Python 2.6.4 (r264:75706, Dec  7 2009, 18:45:15)
[GCC 4.4.1] on linux2
Type "help", "copyright", "credits" or "license" for more information.
>>> from kbus import *
>>> falstaff = Ksock(0)
>>> falstaff.bind('$.Actor.CoinToss', True)

Innocently, Rosencrantz continues, but since the intended recipient has gone away, the message cannot be sent:

Terminal 1: Rosencrantz

... sreq = stateful_request(rep, '$.Actor.CoinToss', 'Head')
>>> rosencrantz.send_msg(sreq)
Traceback (most recent call last):
  File "<stdin>", line 1, in <module>
  File "/home/tibs/sw/kbus/python/kbus/ksock.py", line 432, in send_msg
    return self.send()
  File "/home/tibs/sw/kbus/python/kbus/ksock.py", line 220, in send
    fcntl.ioctl(self.fd, Ksock.IOC_SEND, arg);
IOError: [Errno 32] Broken pipe

And Rosencrantz discovers that, in fact, state has been lost, skulduggery has been done, and so forth.

The Python interface is not terribly helpful with interpreting IOError error numbers, but there is a useful commandline utility that reports both the standard Unix meaning of an errno, and also the specfic KBUS meaning (as given in the KBUS documentation).
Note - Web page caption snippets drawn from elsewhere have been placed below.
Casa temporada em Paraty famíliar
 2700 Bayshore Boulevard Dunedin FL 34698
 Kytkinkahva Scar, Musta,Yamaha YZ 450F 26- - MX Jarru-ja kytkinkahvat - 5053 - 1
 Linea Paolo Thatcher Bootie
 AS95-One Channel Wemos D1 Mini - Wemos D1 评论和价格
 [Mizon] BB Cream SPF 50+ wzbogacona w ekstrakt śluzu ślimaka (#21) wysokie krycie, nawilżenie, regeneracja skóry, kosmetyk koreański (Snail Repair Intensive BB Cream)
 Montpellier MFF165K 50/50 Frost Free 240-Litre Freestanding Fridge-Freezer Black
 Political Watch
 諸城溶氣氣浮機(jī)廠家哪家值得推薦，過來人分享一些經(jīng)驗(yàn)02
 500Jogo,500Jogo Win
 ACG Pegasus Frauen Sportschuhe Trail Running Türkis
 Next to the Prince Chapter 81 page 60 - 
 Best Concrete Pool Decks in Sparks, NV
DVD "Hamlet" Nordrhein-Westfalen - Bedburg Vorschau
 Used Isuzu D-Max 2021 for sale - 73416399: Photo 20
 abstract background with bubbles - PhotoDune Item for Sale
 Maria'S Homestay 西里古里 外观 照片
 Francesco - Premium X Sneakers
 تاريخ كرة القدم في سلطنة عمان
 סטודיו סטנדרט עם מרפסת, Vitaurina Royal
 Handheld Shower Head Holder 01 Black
So, for instance:

$ errno.py 32
Error 32 (0x20) is EPIPE: Broken pipe

KBUS:
On attempting to send 'to' a specific replier, the replier with that id
is no longer bound to the given message's name.

From the audience's point of view:

Terminal 2: Audience

<Request '$.Actor.Ask.Guildenstern', id=[0:8], from=1, flags=0x1 (REQ), data='Will you count heads for me?'>
<Reply '$.Actor.Ask.Guildenstern', id=[0:9], to=1, from=3, in_reply_to=[0:8], data='Yes, yes I shall'>
<Request '$.Actor.CoinToss', id=[0:10], to=3, from=1, flags=0x1 (REQ), data='Head'>
<Reply '$.Actor.CoinToss', id=[0:11], to=1, from=3, in_reply_to=[0:10], data='Head count is 1'>
<Request '$.Actor.CoinToss', id=[0:12], to=3, from=1, flags=0x1 (REQ), data='Head'>
<Reply '$.Actor.CoinToss', id=[0:13], to=1, from=3, in_reply_to=[0:12], data='Head count is 2'>

Tidying up

Just to show that these are real Python processes.

And to end things...

Terminal 2: Audience

<CTRL-C>
Traceback (most recent call last):
  File "<stdin>", line 2, in <module>
  File "/home/tibs/sw/kbus/python/kbus/ksock.py", line 492, in wait_for_msg
    (r, w, x) = select.select([self], [], [], timeout)
KeyboardInterrupt
>>> exit()

Tidy everyone else up as well (showing that no-one has any messages left):

Terminal 1: Rosencrantz

>>> for msg in rosencrantz:
...   print msg
...
>>> exit()

Terminal 3: Guildenstern

>>> exit()

Terminal 4: Falstaff

>>> for msg in falstaff:
...   print msg
...
>>> exit()

Summary

  • To send or receive messages, a process opens a Ksock.
  • A process can send messages (be a Sender).
  • A process can bind to receive messages (be a Listener) by message name.
  • When binding to a message name, wildcards can be used.
  • When binding to a message name, a process can say it wants to receive Requests with that name (be a Replier)
  • There can only be one Replier for a given message name.
  • There can be any number of Listeners for a given message name.
  • It is not an error to send an ordinary message if no-one is listening.
  • It is an error to send a Request if there is no Replier.
  • Stateful Reqests insist that the expected Replier is replying.

Note

Running the examples in this introduction requires having the KBUS kernel module installed. Typically, on Ubuntu, this means doing:

svn checkout http://kbus.googlecode.com/svn/trunk/ kbus
cd kbus/kbus
make
sudo make rules
sudo insmod kbus.ko

When you've finished the examples, you can remove the kernel module again with:

sudo rmmod kbus.ko

The message ids shown in the examples are correct if you've just installed the kernel module - the second number in each message id will be different (although always ascending) otherwise.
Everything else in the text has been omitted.